Production Analysis Case Study

Read this journal article. The study uses production analysis to develop a robust workflow and help in designing sustainable shale production. Figure 2 depicts an initial production analysis. What would an organization need to collect production parameters?


Results and discussion

In this study, two multi-fractured horizontal wells drilled in a gas window of a shale gas basin were investigated. The two wells are producing the same fluids, and they are located close to each other.
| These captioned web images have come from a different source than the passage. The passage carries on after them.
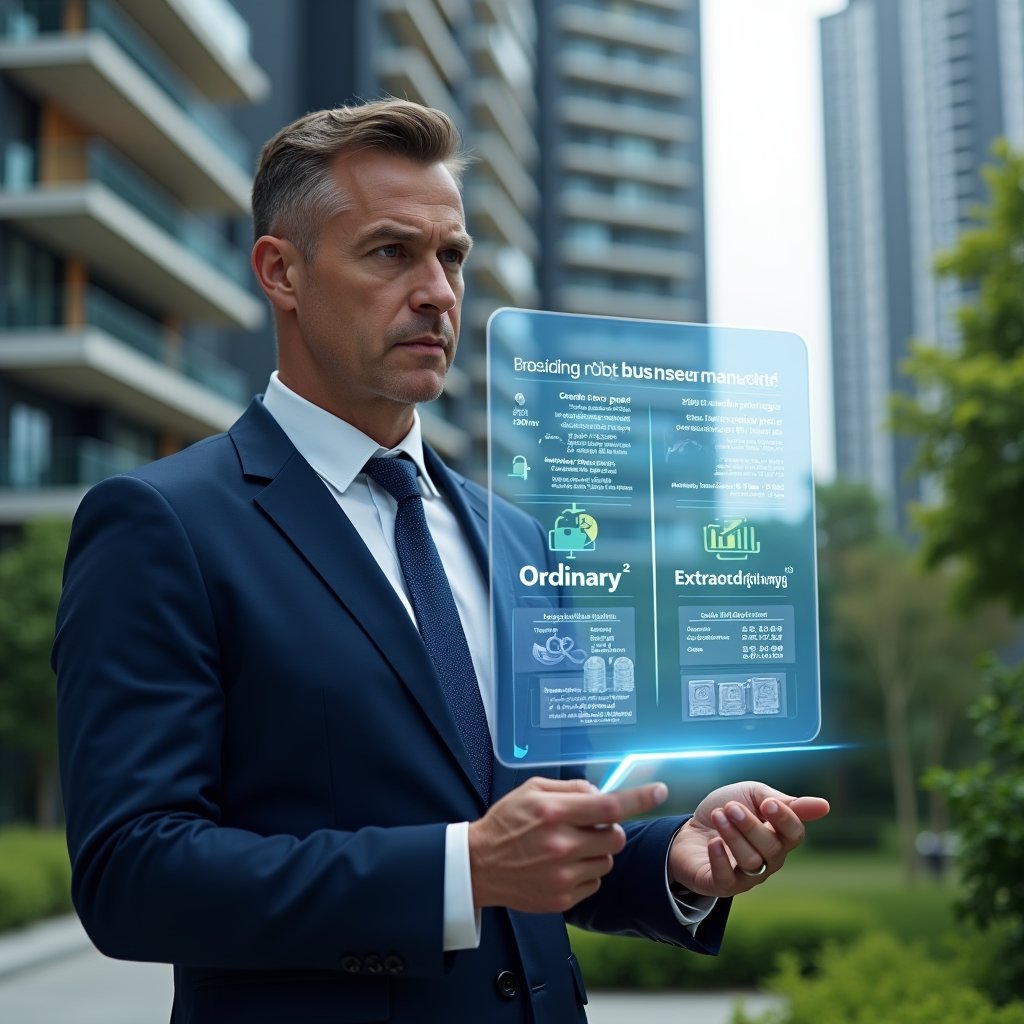 (Ultra-realistic condominium manager in a navy-blue suit, set in a modern luxury condominium environment with high-rise buildings and manicured greenery, reviewing a floating holographic expense breakdown that distinguishes ordinary and extraordinary costs, holographic icons of coins, ledgers and pie charts around them, confident and focused expression, cinematic lighting, shallow depth of field, highly detailed textures, realistic skin, photographic realism, 8k resolution --ar 1:1 --v 6)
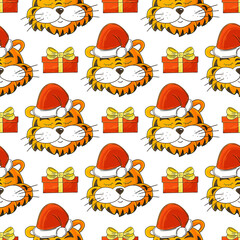 Seamless vector pattern with tigers heads in New Year's hats, gifts. 2022. Can be used for fabric, packaging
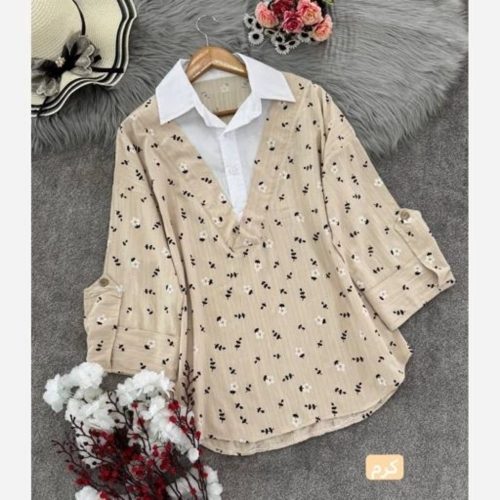 خرید عمده تونیک گل گچی طرح وست - تونیک زنانه عمده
The uncertainty of a range of parameters, such as fracture height (hf), fracture half-length (xf), number of fractures, reservoir permeability, reservoir initial pressure, and fluid properties, was investigated. In multi-fractured horizontal wells drilled in a shale gas reservoir, the unknown parameters are more than the known parameters. Fracture height is the most uncertain parameter among them because an accurate or direct method to determine the fracture height in horizontal wells is not available. The fracture height in vertical wells can be determined using temperature and acoustic, pulsed neutron, or radioactive tracer surveys in a straightforward manner. Even though the fracture height in multi-fractured horizontal wells can be determined through well testing and simulation, a direct method such as in the case of vertical wells is not available. To reduce the uncertainty in the determination of the fracture height, it is considered as equal to the formation thickness.
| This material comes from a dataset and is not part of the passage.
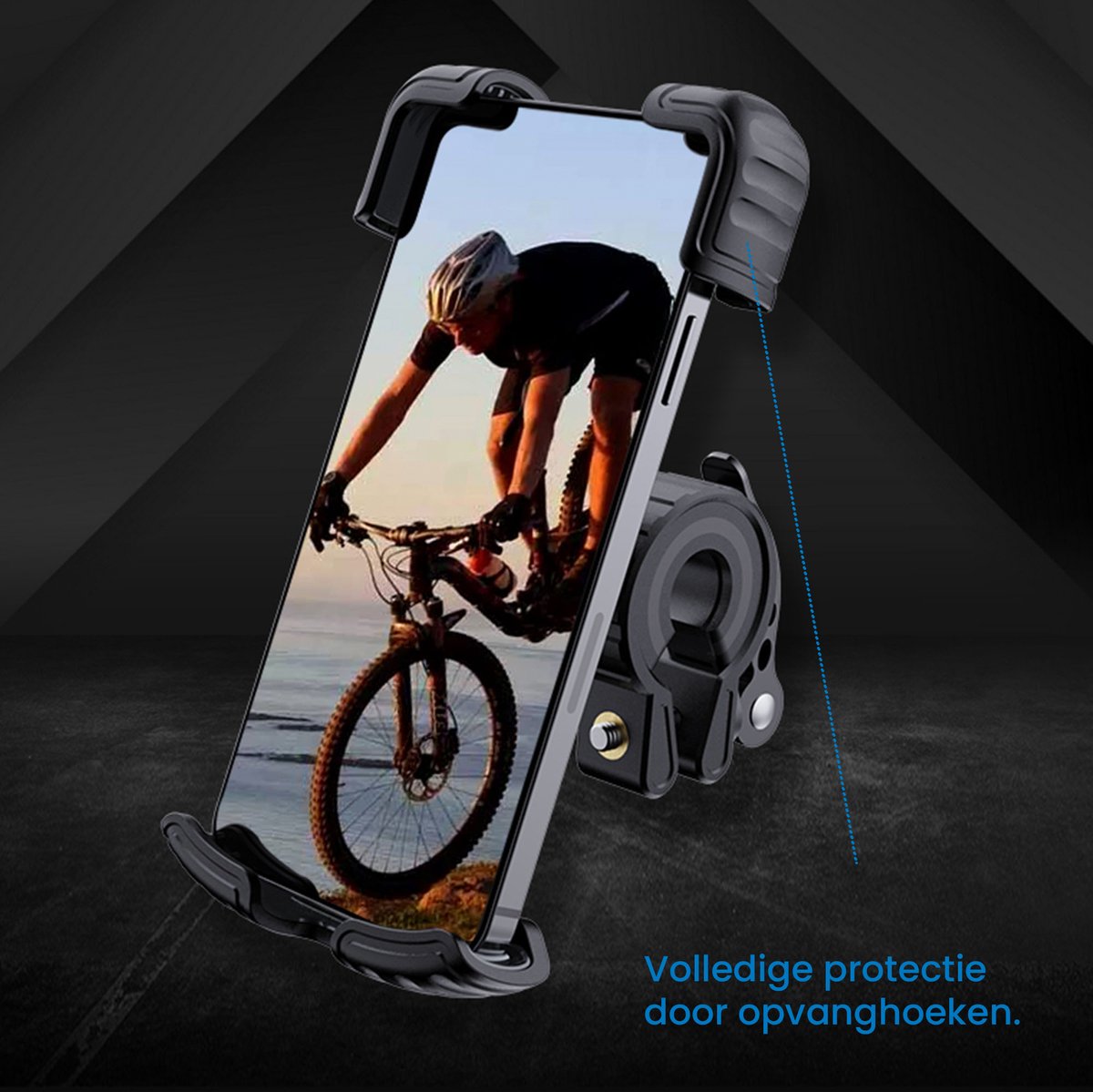 YONO Luxe Telefoonhouder Universeel - GSM Houder Fiets - Motor - Scooter - Mountainbike - Ebike - Fietshouder voor Smartphones - 360 Graden Rotatie – Zwart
The fracture half-length can be determined using gas well production data analysis. Long-term production data are required to determine accurate values of the fracture half-length. Several techniques and methods, such as production analysis, can be used to determine the fracture half-length. Advisory systems built based on field experience in tight reservoirs to predict the fracture half-length have produced results that match well with those obtained from production data analysis. Micro-seismic monitoring can be used to determine the fracture half-length. Production logging and production data can be integrated to evaluate the post-fracturing operation success. Production history matching using proxy models has been used to characterize the fractures and production from shale gas reservoirs.

Regarding the permeability of a reservoir, two permeability values are of interest. They are the non-stimulated rock permeability or the outer permeability, and the stimulated rock permeability or the inner permeability. The maximal inner permeability is estimated from the linear flow behavior using Eq. (1):

\left(\frac{p_{i}-p_{\mathrm{wf}}}{q}\right)=m_{L} \sqrt{t}+b_{L} S_{f}                  (1)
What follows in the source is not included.